SYDNEY (AP) — A prominent researcher, two activists and at least two others headed to an AIDS conference in Australia were on the Malaysian jetliner shot down over Ukraine, news that sparked an outpouring of grief across the scientific community.
Among the passengers were a former president of the International AIDS Society, Joep Lange, a well-known researcher from the Netherlands, and World Health Organization spokesman Glenn Thomas, based in Geneva.
Malaysia Airlines Flight 17 was flying from Amsterdam to Kuala Lumpur, Malaysia, when it crashed Thursday in eastern Ukraine. How many of the nearly 300 on board were headed to the conference wasn’t immediately known.
The 20th International AIDS conference starts Sunday in the Victoria state capital of Melbourne. Thousands of scientists and activists are expected to attend to discuss the latest developments in HIV and AIDS research.

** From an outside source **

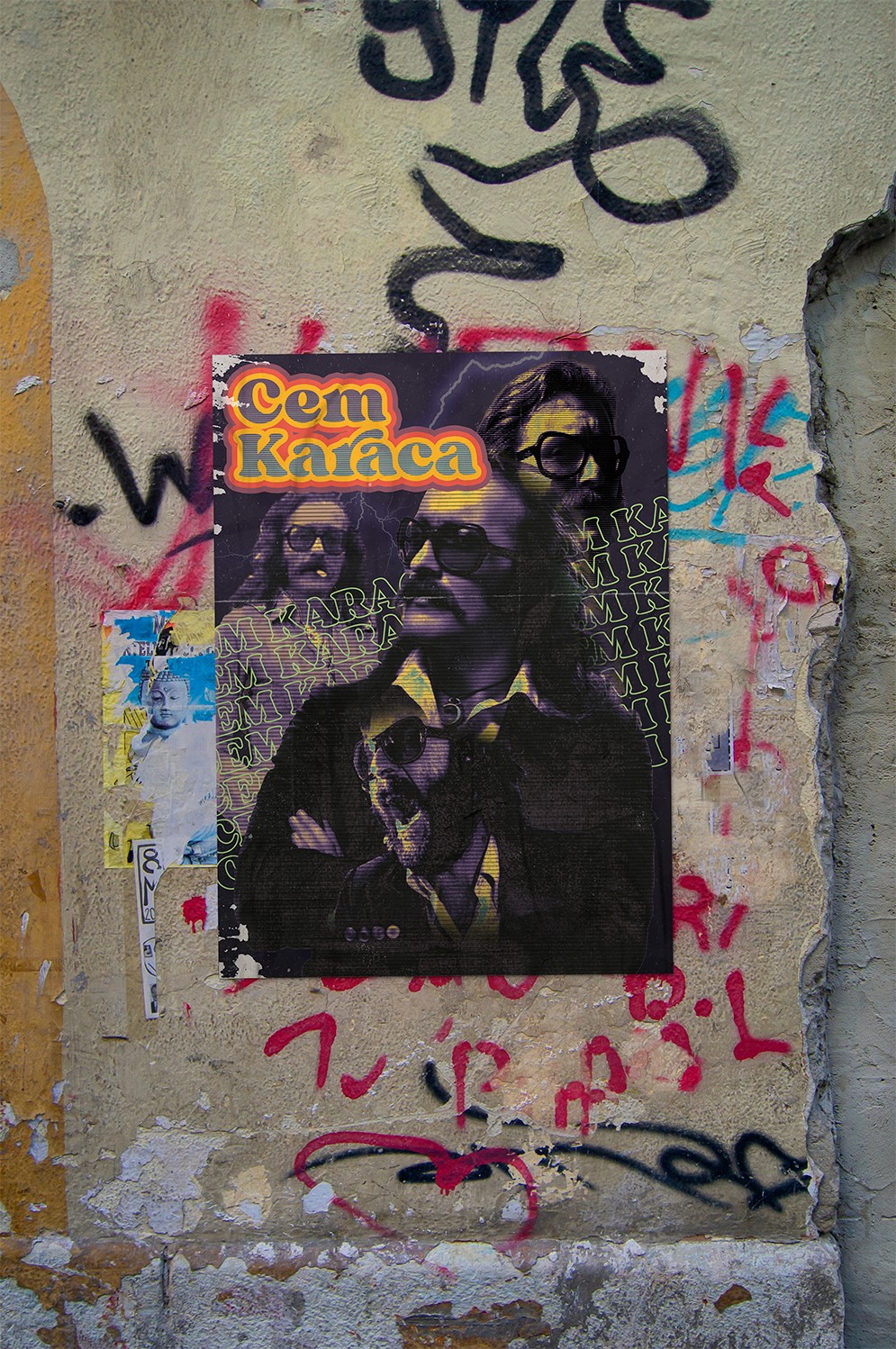 Vintage music poster design for Cem Karaca showcasing distressed half-tone textures and retro typography pasted onto a gritty urban graffiti wall.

The Academic Medical Center hospital in Amsterdam said in a statement that two of its staff, Lange and his colleague Jacqueline van Tongeren, were believed to have perished.
“Joep was a man who knew no barriers,” the hospital said. “He was a great inspiration for everybody who wanted to do something about the AIDS tragedy in Africa and Asia.”
Van Tongeren was head of communications at the Amsterdam Institute for Global Health and Development and had previously been an HIV-AIDS nurse, a University of Amsterdam statement said.
Lange was the institute’s executive scientific director.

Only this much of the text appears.